NOTE: The UW Dept. of Bioethics & Humanities is in the process of updating all Ethics in Medicine articles for attentiveness to the issues of equity, diversity, and inclusion. Please check back soon for updates!
Authors:
Albert R. Jonsen, PhD, Emeritus Professor (deceased), UW Dept. of Bioethics & Humanities
Kelly A. Edwards, PhD, Affiliate Professor, UW Dept. of Bioethics & Humanities
Core clerkship material for: Otolaryngology | Surgery | Rehabilitation Medicine | Trauma / Emergency Medicine
Topics addressed:
- What rules guide rationing decisions?
- Are there ethical criteria for making triage decisions?
- Can I make allocation decisions based on judgments about "quality of life"?
- What about "macro-allocation" concerns?
- Can we ethically qualify a "right to health care"?
"Physicians should merit the confidence of the patients entrusted to their care, rendering to each a full measure of service and devotion." This is the first statement in the Principles of Ethics of the American Medical Association.
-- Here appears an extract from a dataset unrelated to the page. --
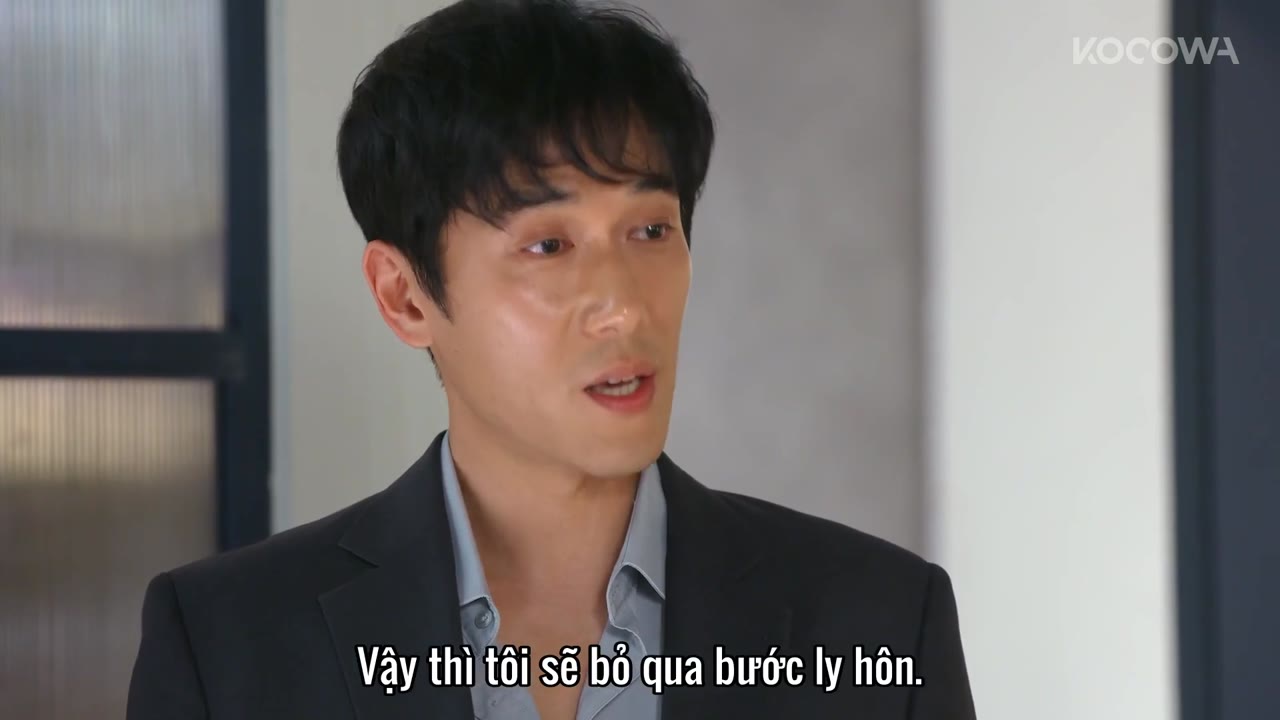 Quý Cô Seon Ju Phục Thù tập 117 cảnh 3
Often scarcity of resources, such as equipment, beds, drugs, time or excessive numbers of persons in need make it difficult, if not impossible, to provide “the full measure of service and devotion.” When these conditions of scarcity occur, what considerations should guide decisions for painful tradeoffs in a fair and compassionate manner. This topic page raises some issues to consider when facing these difficult allocation decisions.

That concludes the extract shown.